A team at St. Jude Children’s Research Hospital assessed the role of exosomes, released by muscle fibroblasts from mice lacking the NEU1 gene, on fibrosis.
The researchers initially found that fibroblasts lacking the NEU1 gene were activated into myofibroblasts in a self-perpetuating mechanism driven by exosomes, with marked deposition of collagen (a primary ECM component) as well as a greater ability to proliferate than controls.
Levels of TGF-beta and of other markers of fibrosis — such as E-cadherin, vimentin, and collagen — were significantly higher in connective tissue lacking NEU1 than in normal tissue. Periostin and osteopontin, two proteins involved in tissue repair, inflammation, and fibrosis, were detected only in connective tissue without NEU1.

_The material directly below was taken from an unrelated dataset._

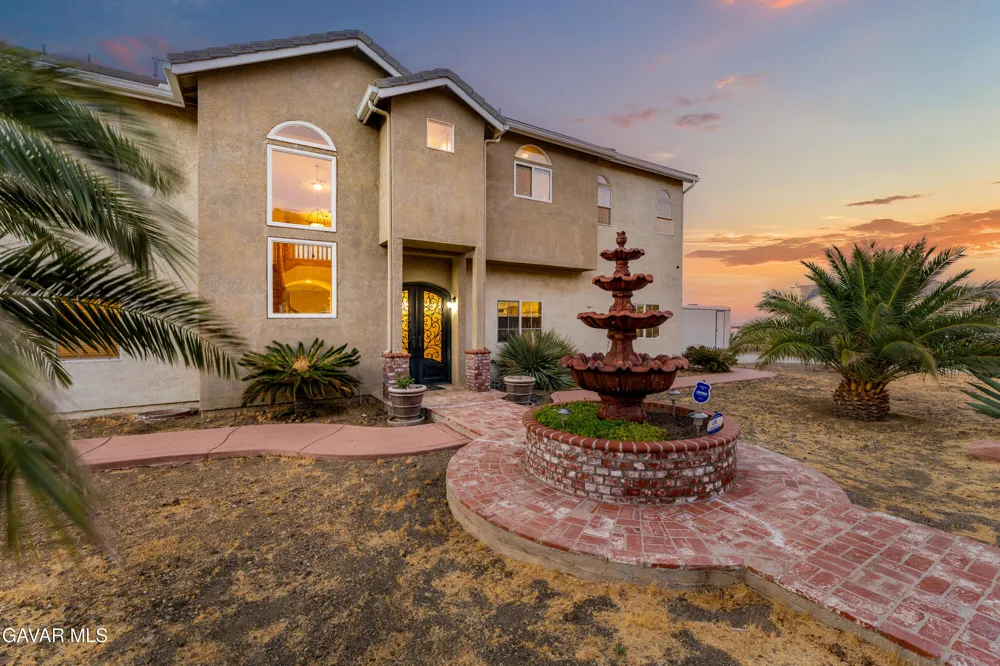 345 Lakeview Drive Palmdale, CA 93551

Activated myofibroblasts were also seen to release excessive amounts of exosomes loaded with molecules capable of activating mouse and human fibroblasts, such as TGF-beta, WNT, and members of their signaling pathways. Similar results were observed with exosomes collected from mouse tissue lacking NEU1, and from fibroblasts derived from sialidosis patients.
Importantly, intravenous injection of viral vectors expressing the human NEU1 gene reversed these alterations in muscle connective tissue, “confirming NEU1 deficiency as the primary insult,” the researchers wrote.
Tests on lung fibroblasts from IPF patients found significantly lower NEU1 expression compared to healthy people; this was associated with higher amounts of molecules promoting cell differentiation into myofibroblasts.
“On the basis of our findings, deregulated levels of this enzyme [NEU1] should be sought as a contributing factor in some of the numerous idiopathic forms of fibrosis in humans,” the researchers wrote.
This work marks “the first time NEU1 has been associated with fibrotic conditions,” Alessandra d’Azzo, PhD, the study’s senior author, said in a press release.
“Based on these findings, it is tantalizing to hypothesize that NEU1 expression levels may help identify individuals at risk for fibrosis or inform their prognosis, particularly when information about the cause or possible treatment is lacking,” d’Azzo added.